The required result is the number of lines below that hold the word "table", stated without anything else.

•••

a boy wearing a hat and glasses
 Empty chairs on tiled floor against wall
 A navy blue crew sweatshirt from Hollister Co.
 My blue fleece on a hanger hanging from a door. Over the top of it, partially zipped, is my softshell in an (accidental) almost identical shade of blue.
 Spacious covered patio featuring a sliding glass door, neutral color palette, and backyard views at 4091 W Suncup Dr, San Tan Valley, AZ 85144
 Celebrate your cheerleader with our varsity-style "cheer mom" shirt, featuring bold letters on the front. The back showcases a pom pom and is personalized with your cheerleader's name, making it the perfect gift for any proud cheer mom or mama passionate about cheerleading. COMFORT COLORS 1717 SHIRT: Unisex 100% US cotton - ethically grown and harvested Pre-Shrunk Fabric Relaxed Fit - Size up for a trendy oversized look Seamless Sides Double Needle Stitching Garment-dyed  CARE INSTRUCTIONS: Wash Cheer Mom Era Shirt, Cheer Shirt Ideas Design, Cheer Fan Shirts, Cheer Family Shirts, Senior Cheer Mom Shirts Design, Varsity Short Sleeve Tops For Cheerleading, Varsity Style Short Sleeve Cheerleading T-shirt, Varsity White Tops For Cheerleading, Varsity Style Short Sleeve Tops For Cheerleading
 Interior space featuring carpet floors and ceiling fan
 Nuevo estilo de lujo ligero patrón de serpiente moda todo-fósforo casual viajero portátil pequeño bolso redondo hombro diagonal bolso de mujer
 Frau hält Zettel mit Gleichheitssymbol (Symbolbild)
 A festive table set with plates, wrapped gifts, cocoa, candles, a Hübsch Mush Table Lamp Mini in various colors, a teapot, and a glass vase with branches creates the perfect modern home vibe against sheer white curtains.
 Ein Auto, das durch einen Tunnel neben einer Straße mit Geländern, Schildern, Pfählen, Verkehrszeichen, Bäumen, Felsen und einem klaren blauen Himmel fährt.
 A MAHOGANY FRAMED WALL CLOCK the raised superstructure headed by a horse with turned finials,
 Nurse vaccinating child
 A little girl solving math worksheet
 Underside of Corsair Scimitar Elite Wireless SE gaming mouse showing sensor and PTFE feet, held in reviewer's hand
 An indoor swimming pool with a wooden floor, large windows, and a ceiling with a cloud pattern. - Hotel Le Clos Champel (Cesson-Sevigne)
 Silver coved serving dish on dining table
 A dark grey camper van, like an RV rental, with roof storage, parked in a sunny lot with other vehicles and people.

•••

_Solution to this problem_.
2